▸ What you are asked to do: Please keep to the lines below from the one with "Sklo vonkajšieho zrkadla" through the one with "Pendientes de registro", and restate them word for word, ends included.
***
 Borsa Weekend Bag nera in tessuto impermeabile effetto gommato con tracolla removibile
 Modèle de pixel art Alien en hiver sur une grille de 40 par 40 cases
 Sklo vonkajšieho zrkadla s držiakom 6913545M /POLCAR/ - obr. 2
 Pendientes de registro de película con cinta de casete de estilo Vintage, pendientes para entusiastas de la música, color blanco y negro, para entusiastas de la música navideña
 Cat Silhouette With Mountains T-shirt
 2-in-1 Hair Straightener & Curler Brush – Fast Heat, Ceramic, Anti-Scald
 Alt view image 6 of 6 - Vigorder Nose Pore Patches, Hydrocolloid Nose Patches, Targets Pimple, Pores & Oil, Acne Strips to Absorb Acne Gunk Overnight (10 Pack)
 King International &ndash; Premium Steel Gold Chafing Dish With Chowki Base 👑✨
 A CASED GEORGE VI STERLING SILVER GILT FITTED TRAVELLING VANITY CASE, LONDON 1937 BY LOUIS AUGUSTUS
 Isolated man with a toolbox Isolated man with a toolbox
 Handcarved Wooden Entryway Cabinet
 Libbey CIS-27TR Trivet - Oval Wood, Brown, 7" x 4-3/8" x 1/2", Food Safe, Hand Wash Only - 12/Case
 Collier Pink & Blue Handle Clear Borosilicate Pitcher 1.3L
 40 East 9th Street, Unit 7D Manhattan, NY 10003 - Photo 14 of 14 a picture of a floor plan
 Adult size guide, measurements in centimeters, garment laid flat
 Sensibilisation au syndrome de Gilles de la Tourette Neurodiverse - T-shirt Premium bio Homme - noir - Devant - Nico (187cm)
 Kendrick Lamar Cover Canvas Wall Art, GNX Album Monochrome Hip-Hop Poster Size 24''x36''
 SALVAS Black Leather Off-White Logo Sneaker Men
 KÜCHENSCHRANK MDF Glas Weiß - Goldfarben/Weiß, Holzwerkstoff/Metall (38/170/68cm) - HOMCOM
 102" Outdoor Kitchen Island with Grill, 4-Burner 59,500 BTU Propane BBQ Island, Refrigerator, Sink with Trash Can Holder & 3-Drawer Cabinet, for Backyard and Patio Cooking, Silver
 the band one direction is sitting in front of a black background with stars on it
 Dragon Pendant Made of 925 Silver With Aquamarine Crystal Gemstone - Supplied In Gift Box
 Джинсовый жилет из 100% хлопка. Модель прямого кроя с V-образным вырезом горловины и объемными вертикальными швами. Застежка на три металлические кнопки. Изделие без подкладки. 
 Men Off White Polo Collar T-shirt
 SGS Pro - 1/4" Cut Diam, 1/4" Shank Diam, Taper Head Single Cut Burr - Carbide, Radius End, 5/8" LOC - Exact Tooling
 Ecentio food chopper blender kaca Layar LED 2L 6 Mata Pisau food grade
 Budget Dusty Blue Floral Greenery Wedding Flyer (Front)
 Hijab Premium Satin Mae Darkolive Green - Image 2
***
▸ Reply:
 Sklo vonkajšieho zrkadla s držiakom 6913545M /POLCAR/ - obr. 2
 Pendientes de registro de película con cinta de casete de estilo Vintage, pendientes para entusiastas de la música, color blanco y negro, para entusiastas de la música navideña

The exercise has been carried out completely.